Two lines in the listing below mark the span: one contains "This video will" and one contains "Verify that the". Reproduce both of them and everything between, exactly.

- TASK MATERIAL
□ □ □

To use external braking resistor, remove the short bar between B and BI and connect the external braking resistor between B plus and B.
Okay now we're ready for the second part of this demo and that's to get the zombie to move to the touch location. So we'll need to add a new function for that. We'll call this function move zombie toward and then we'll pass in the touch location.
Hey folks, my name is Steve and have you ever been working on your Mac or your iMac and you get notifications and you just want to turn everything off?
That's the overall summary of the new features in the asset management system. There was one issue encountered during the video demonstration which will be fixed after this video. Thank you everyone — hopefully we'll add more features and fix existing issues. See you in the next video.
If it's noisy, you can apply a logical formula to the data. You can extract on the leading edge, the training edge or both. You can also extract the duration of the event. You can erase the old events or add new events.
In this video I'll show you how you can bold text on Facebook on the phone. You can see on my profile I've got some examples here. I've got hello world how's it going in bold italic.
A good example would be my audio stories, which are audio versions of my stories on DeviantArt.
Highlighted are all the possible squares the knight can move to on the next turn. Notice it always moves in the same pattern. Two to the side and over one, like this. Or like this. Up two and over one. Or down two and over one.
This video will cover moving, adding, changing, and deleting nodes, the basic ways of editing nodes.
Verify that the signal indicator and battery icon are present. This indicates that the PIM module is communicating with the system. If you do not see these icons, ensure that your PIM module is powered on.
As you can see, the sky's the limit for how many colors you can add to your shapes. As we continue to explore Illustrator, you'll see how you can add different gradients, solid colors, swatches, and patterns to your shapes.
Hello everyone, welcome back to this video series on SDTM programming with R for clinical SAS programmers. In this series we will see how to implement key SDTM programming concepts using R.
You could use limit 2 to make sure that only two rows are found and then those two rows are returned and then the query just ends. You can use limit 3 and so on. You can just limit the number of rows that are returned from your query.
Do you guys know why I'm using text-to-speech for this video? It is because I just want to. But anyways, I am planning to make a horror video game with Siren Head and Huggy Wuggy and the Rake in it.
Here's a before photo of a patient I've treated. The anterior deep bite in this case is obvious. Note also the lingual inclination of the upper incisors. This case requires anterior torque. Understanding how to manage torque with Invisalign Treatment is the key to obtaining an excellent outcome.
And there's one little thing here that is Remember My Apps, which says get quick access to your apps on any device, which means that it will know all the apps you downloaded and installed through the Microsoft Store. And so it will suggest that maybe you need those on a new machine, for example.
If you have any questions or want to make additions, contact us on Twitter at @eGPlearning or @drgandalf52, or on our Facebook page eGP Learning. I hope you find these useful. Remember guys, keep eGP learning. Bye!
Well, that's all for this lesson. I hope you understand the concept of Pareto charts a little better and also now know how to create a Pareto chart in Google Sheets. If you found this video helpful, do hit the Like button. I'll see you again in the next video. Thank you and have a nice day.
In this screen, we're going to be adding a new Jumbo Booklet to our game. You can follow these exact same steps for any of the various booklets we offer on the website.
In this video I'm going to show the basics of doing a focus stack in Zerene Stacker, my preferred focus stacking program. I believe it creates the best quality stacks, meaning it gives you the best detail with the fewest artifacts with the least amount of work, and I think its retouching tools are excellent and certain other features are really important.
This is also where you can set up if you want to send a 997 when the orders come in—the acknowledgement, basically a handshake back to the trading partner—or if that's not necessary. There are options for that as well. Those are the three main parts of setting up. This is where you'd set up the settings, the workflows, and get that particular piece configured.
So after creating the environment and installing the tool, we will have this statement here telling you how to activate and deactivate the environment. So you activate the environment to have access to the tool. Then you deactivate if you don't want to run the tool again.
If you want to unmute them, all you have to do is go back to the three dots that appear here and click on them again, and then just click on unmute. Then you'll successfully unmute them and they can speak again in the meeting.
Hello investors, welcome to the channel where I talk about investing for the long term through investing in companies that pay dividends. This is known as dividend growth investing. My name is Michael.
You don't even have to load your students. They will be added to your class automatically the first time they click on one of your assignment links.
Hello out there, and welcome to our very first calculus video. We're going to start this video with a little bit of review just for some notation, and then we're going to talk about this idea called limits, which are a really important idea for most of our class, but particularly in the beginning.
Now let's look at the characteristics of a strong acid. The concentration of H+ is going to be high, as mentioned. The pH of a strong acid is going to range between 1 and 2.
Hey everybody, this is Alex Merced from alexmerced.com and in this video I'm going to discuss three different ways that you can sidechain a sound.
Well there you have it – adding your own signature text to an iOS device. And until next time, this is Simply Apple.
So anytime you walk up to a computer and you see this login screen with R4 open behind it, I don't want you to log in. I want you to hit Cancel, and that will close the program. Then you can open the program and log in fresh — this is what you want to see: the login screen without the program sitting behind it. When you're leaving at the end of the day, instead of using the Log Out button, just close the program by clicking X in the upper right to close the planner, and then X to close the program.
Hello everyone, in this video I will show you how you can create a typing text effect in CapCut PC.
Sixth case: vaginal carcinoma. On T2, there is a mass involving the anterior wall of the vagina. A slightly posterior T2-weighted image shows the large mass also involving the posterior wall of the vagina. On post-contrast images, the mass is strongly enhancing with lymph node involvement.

□ □ □

- RESPONSE AREA
This video will cover moving, adding, changing, and deleting nodes, the basic ways of editing nodes.
Verify that the signal indicator and battery icon are present. This indicates that the PIM module is communicating with the system. If you do not see these icons, ensure that your PIM module is powered on.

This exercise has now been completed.